In early February, Vodafone confirmed it was in talks with Nasdaq-listed Liberty Global to buy part of its European operation. Just two years ago bid talks between the two companies fell apart, with Liberty chairman John Malone likening them to an attempt to get a banana out of a jar.
With the lines of communication now open, discussions are under way to create a new telecoms giant, Vodafone-Liberty, which would have a combined valuation of around £90 billion.
Buxton, who is also chief executive of Old Mutual Global Investors, said the ‘dream deal’ would be an asset swap rather than an acquisition. Vodafone represents the ninth largest position in the £2.3 billion Old Mutual UK Alpha fund, representing 3.6% of the portfolio.

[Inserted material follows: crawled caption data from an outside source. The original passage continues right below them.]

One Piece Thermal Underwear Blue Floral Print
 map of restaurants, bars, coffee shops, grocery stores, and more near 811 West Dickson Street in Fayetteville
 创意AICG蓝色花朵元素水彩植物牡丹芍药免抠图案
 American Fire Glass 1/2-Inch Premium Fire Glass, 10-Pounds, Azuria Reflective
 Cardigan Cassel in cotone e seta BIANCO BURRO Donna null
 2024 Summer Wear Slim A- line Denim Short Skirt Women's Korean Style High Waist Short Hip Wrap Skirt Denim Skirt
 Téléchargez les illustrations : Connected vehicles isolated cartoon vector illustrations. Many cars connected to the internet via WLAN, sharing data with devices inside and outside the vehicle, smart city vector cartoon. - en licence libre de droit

The swap would involve Vodafone’s UK business moving to Liberty Global, while Vodafone would take on some of Liberty’s European assets.
‘The dream deal is an asset swap that would mean an exchange of Vodafone’s UK assets to Liberty in exchange for its German and other European assets,’ Buxton said.
Although Vodafone can afford to buy some of Liberty’s European assets, Buxton said a reasonable amount of synergies would need to happen for the deal to be worthwhile. Ultimately, he is concerned that Vodafone could end up financing a substantial deal and still be left with a sub-scale business in the UK.
‘The dream deal is so obvious,’ he said. ‘Utterly compelling logical deals do happen but it’s just a case of when. I would like to think [Vodafone and Liberty] will end up moving in that direction because just acquiring [part of Liberty’s business] is not a neat solution,’ he explained.
Shell's bright future
Elsewhere in the portfolio, the fund manager (pictured) has upped exposure to miners and oil majors over the past month. He is positive about the growing use of digital technology by oil majors to improve oil finds from mature fields and drive down the costs of production. In his opinion, this means companies should be able to cope with the prospect of oil trading at ‘$50 a barrel forever’.
Buxton suspects that Royal Dutch Shell (RDSA) - the fund’s largest holding at 5% - could start to buy back shares over the next month. This follows the scrapping of its scrip dividend policy last year, which saw the business issue almost $1 billion of new shares to shareholders in lieu of a cash dividend.
‘It is our largest holding and we are constructive about oil and mining,’ said Buxton.
‘The free cashflow in both cases is supportive of maintaining dividend payments or substantially increasing them.’
Following a volatile month for stock markets, Buxton said he would use any future market weakness to add to consumer-facing stocks, such as retailer Next (NXT) and Premier Inn and Costa Coffee owner Whitbread (WTB). In his opinion, a lot of bad news is already priced into UK domestic cyclicals.
‘Can I see a catalyst for a significant re-rating anytime soon? No, it will be a two or three-year story,’ he said.
The fund manager suspects these shares will start to recover after the UK leaves the European Union next year. He is also monitoring the potential impact of higher interest rates later down the line.
‘Inflation will gradually fall away which is good, and will give the consumer a bit of a shot in the arm, but at the same time we are still facing Brexit uncertainties,’ he said.
Looking ahead, Buxton expects further interest rate rises - potentially two to three – could take place if economic data continues to improve. However, if bond yields spike he said the Bank of England will sit on its hands.
Over the past five years to the end of January, the Old Mutual UK Alpha fund has returned 55.6%. This compares to 55.1% by the average fund in the UK All Companies sector.